The latter, conscious of his inability with five or six thousand men (his force had nearly doubled since Kernstown by the return of furloughed men and by new enlistments) to resist in the open country the advance of Banks, had availed himself of the nature of the country to take a position where he could be attacked only at great disadvantage, and yet might threaten the flank and rear of the advancing column, if it attempted to pass him. The main Shenandoah river covered his front, a stream not easily fordable at any time, and now swollen by the spring rains. The spurs of the mountains as they run out towards this river afford almost impregnable positions for defence; his flank could only be turned by toilsome and exposed marches, while good roads led from his rear to General Ewell. Thus secure in his position, Jackson at the same time more effectually prevented the further advance of the Federal column than if he had remained in its front; for he held the bridge over the Shenandoah, and was but a day's march from Harrisonburg, and should Banks threaten to move forward towards Staunton, he was ready to hurl the Confederate forces against his enemy's flank and rear. General Banks at Harrisonburg was in the midst of a hostile country, and already one hundred miles from the Potomac at Harper's Ferry, with which a long line of wagon communication had to be maintained. To push on to Staunton, with Jackson on his flank and rear, was virtually to sacrifice his present line of communication, with no practicable substitute in view; to attack the Confederates on the slopes of the mountains, with even a greatly superior force, was to risk defeat.

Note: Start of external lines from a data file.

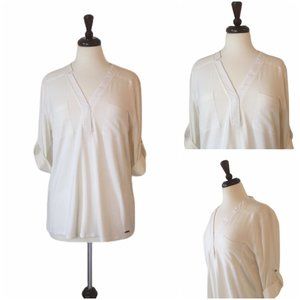 NWT CK v-neck roll sleeve top in cream, size M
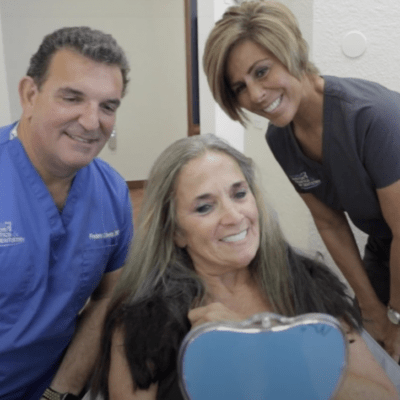 Female patient smiling because she was satisfied with her treatment next to 2 smiling dentists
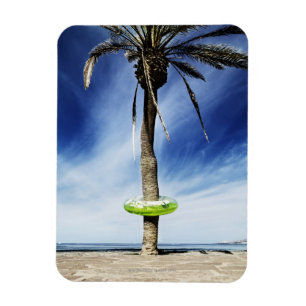 Imán Palmera grande en una playa arenosa con inflable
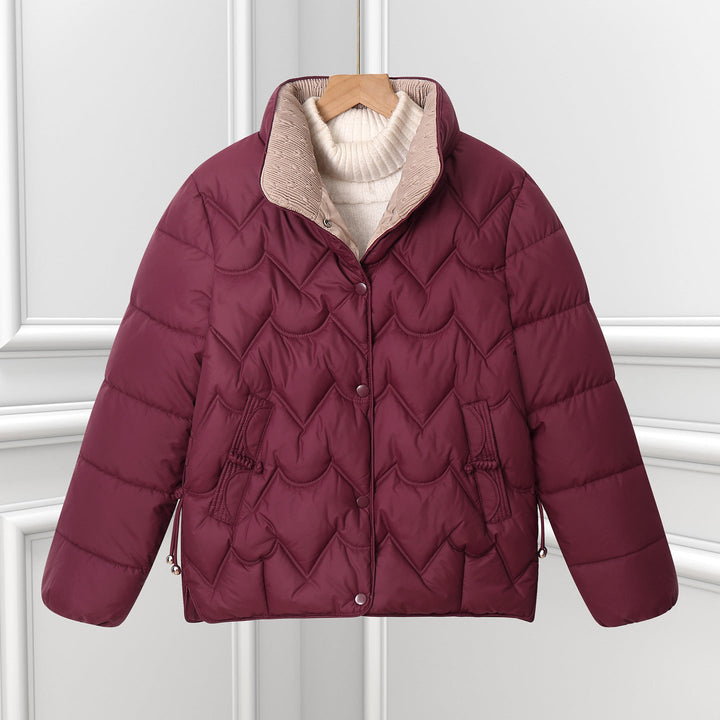 Women’s short quilted puffer jacket with arched quilting and snap-button placket
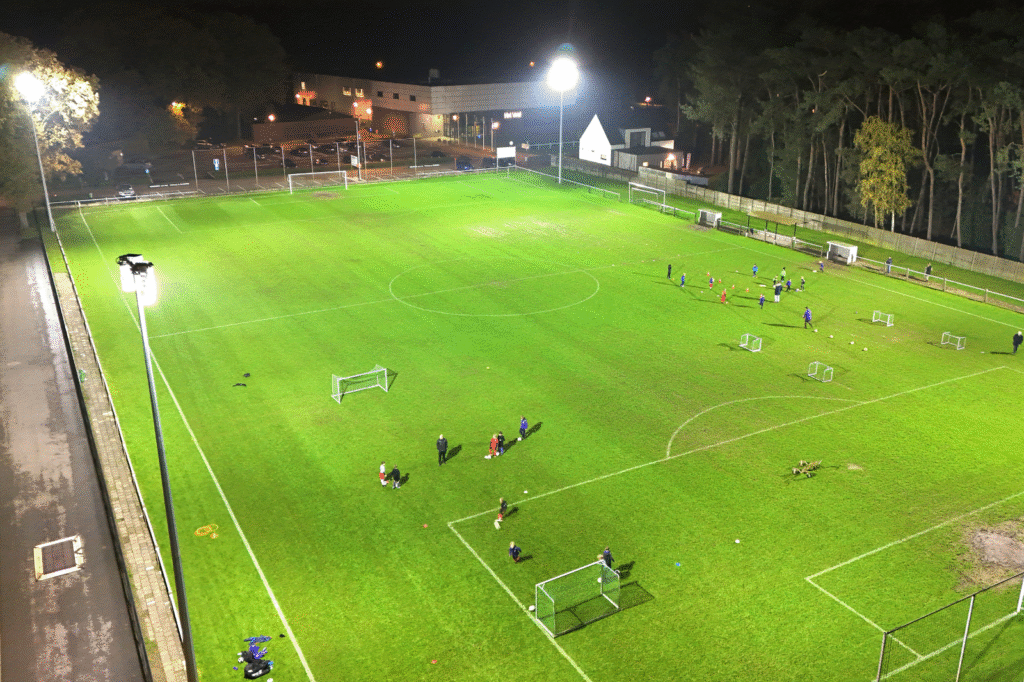 Soccer field lit with smart LED sports lighting during an evening training session, with uniform light across the entire field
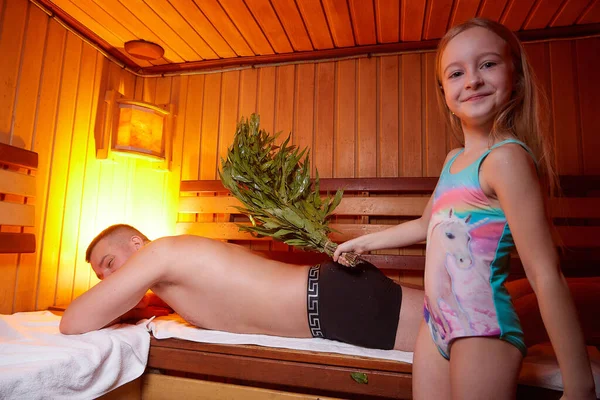 Man and young girl in a Russian bath. Bathhouse in Russia for a family with father and daughter having rest and fun together. The concept of healthy baby in the steam room with oak brooms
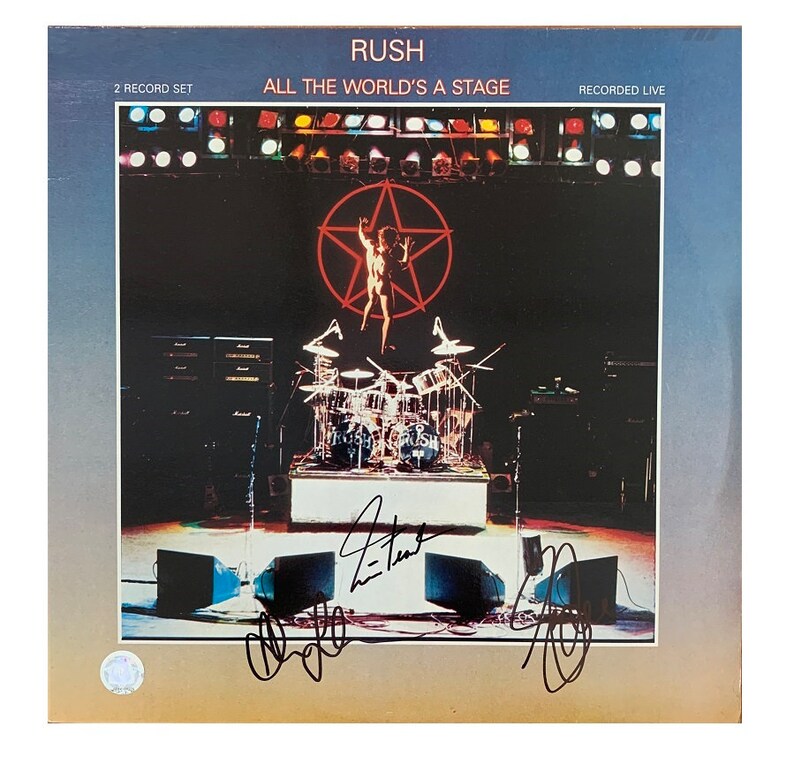 RUSH All the Worlds a Stage Signed Album x3Getty Lee, Alex Lifeson, Neil Peart wCOA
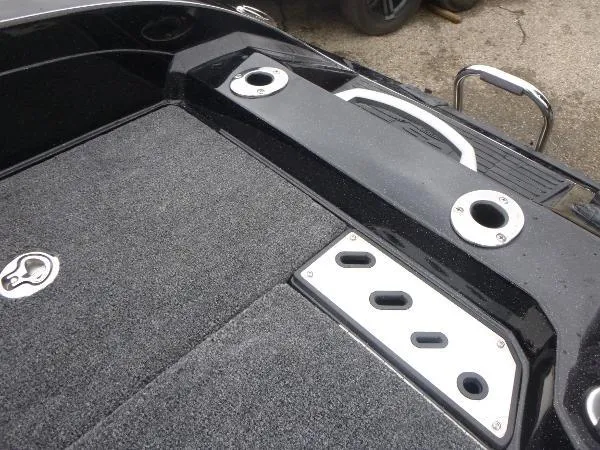 Slide: The Image of 2025 Ranger 622FS Pro boat deck with rod holders and storage compartments. - 16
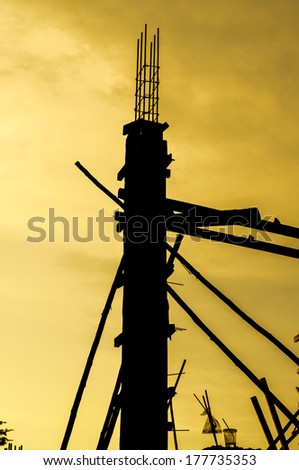 Construction site, silhouettes of workers against the light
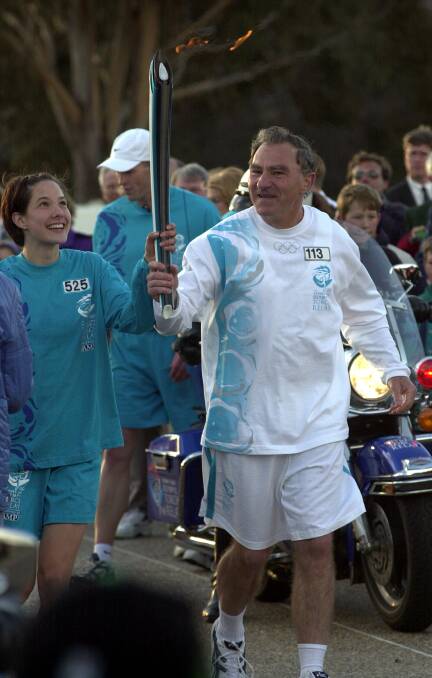 Former auxiliary Bishop of the Canberra-Goulburn diocese Pat Power running the flame towards Parliament House with escort runner Alicia Paul. Picture: Graham Tidy
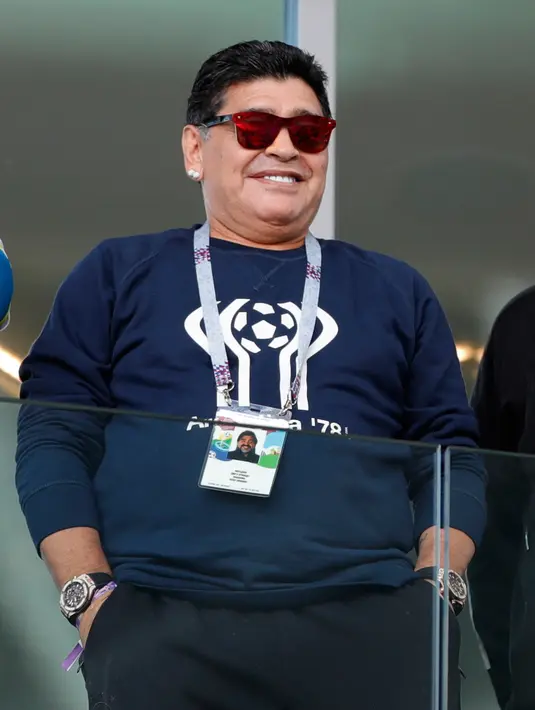 Senyum mantan bintang sepak bola, Diego Maradona saat menyaksikan laga antara Argentina dan Islandia dalam penyisihan Grup D Piala Dunia 2018 di Stadion Spartak, Moskow, Rusia, Sabtu (16/6). (AP Photo/Ricardo Mazalan)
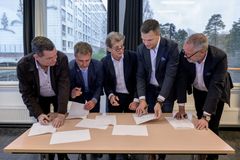 En grupp män vid ett bord som granskar dokument tillsammans.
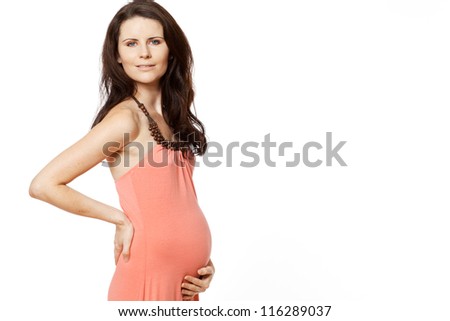 Young beautiful pregnant woman with long dark hair.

On the 28th of April Jackson applied to General Lee, then acting as Commander-in-Chief under President Davis, for a reinforcement of five thousand men, which addition to his force he deemed necessary to justify him in marching out and attacking Banks.

Next day he was informed that no troops could be spared to him beyond the commands of Ewell and of Edward Johnson, the latter of whom was seven miles west of Staunton, at West View, with a brigade.